この笑顔は米国との和解を達成した喜びを表すのか、非核化で譲歩しなかったことの達成感をしめすのか(写真:AFP/アフロ)

—6月12日、史上初の米朝首脳会談が開催されました。注目されたのは、どんな点ですか。

宮本:第1に、北朝鮮が「完全な非核化」を米朝首脳会談で受け入れたことです。4月27日に行われた南北首脳会談の「板門店宣言」に記されている通りの内容です。これは北朝鮮が譲歩したことを意味します。

宮本悟(みやもと・さとる)
聖学院大学 政治経済学部 教授 1970年生まれ。同志社大学法学部卒。ソウル大学政治学 科修士課程修了〔政治学修士号〕。神戸大学法学研究科博士後期課程修了〔博士号(政治学)〕。日本国際問題研究所研究員、聖学院大学総合研究所准教授を経て、現在、聖学院大学政治経済学部教授。専攻は国際政治学、政軍関係論、比較政治学、朝鮮半島研究。著書に『北朝鮮ではなぜ軍事クーデターが起きないのか?:政軍関係論で読み解く軍隊統制と対外軍事支援』(潮書房光人社)など。(撮影:加藤 康)

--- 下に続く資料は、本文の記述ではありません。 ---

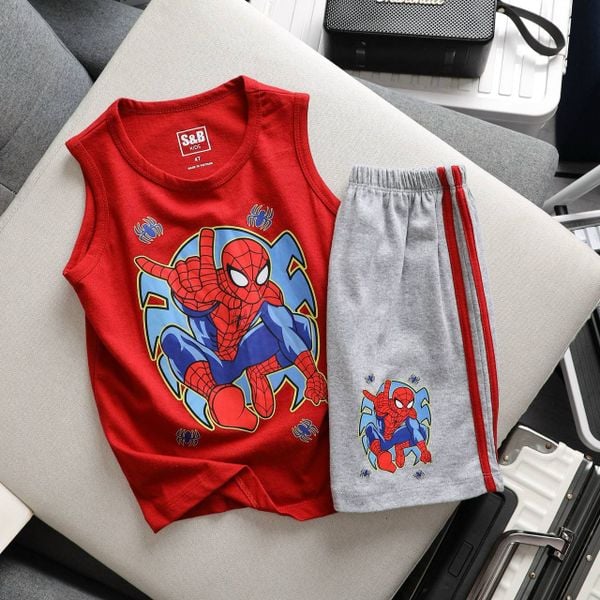  2T-6T Bộ ba lỗ quần short cho bé trai - Đỏ Người nhện Spider-Man B3L01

—「完全かつ検証可能で不可逆的な非核化」(CVID)が共同声明に盛り込まれなかったことから、「北朝鮮は非核化で譲歩することがなかった」とする見方が多くあります。

宮本:私は異なる見方をしています。まず北朝鮮は6カ国協議の際にCVIDを否定していました。なのでCVIDの「C」すなわち「完全な」が入った分、北朝鮮は譲歩したと見るべきです。

もちろん「完全な」が意味するものが明確でないことは否めません。しかし、その点を責めるべきではないでしょう。そもそもCVID自体が曖昧なもので、同じ状態でも、北朝鮮に対して「まだCVIDになっていない」とも、「すでにCVIDである」とも言うことができるものです。極端に言えば、米国がこれはCVIDだと言えばCVIDになるのです。

それに、今回は「首脳」会談です。和解し、非核化の大きな目標を示すことがその目的でした。「非核化」の定義が明確でないとの批判は的外れな気がします。よって「米国は負けた」「北朝鮮ペースで交渉が進んだ」と見るのは適切でないと思います。

—「和解」の重要性に注目していますね。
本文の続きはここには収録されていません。